P. Chowdhury, M. Prabhushankar, and G. AlRegib
The advent of large foundation models has revolutionized the field of artificial intelligence, by providing generalized frameworks to tackle large scale downstream tasks. Segment Anything (SAM) is a vision-based foundation model which relies on points to guide their task of image segmentation. Users can prompt the model to focus on a region of interest using an “inclusion” point and ignore a specific area using the “exclusion” point as shown in Fig 1 with the green and red points, respectively. The usual technique of manual prompting is to start with a single point prompt and then keep adding inclusion or deletion points till the desired segmentation is achieved. With the proper prompting strategy SAM can produce state-of-the-art results on tasks with no requirement of fine tuning of the base model. In geophysics and seismic image analysis, facies and fault segmentation are cost intensive tasks. This prompt assisted SAM model can allow fast segmentation without the need for any model training on previously labelled data, thus saving on time and resources.

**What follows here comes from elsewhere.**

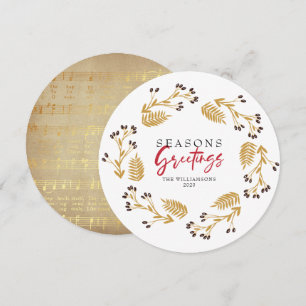 Carte de vœux de fêtes avec couronne florale dorée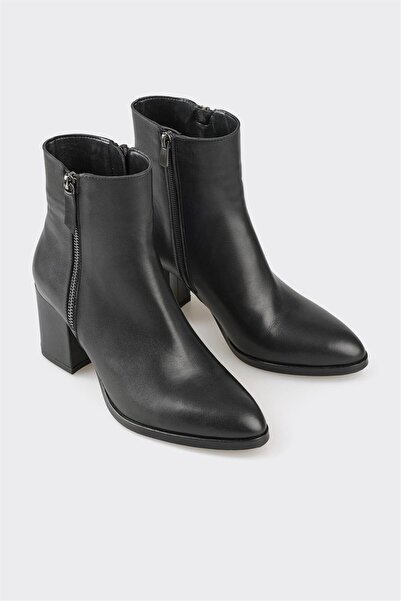 Elle Shoes Siyah Deri Kadın Klasik Bot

However, this prompting is a very intuitive task. While too few prompts can give erroneous results, over-prompting a model can lead to a degraded performance. The ideal combination of inclusion and exclusion prompts leading to the optimal segmentation of the area of interest is very difficult to achieve. This becomes more labor intensive when the user must label hundreds or thousands of image slices in a set. Hence it is important to optimize this task of prompting so that the user knows when ideal segmentation is achieved and thus prompting can be stopped
In our work we aim to find this optimal prompting solution for a task by measuring the level of importance of each prompting point and finally come up with an overall objective rating of the entire strategy (Fig 2). We consider prompts as causes leading to the model’s segmentation and thus, employee the definition of sufficiency to calculate the importance measure of each prompt point as a function of the segmentation Intersection over Union (IoU). As more prompts are added and better segmentation is approached the overall score of the strategy increases, however this score starts to decrease once the optimal level is crossed, and the user starts to over-prompt the model. That’s when our algorithm will intimate the user to stop prompting. This will significantly reduce the amount of time a user spends to manually prompt SAM to generate a segmentation mask. Moreover, once the optimal prompting strategy is found, the user can automate the prompting tasks for upcoming slices in their facies or fault data in an interpolative fashion without the need for ground truth labels.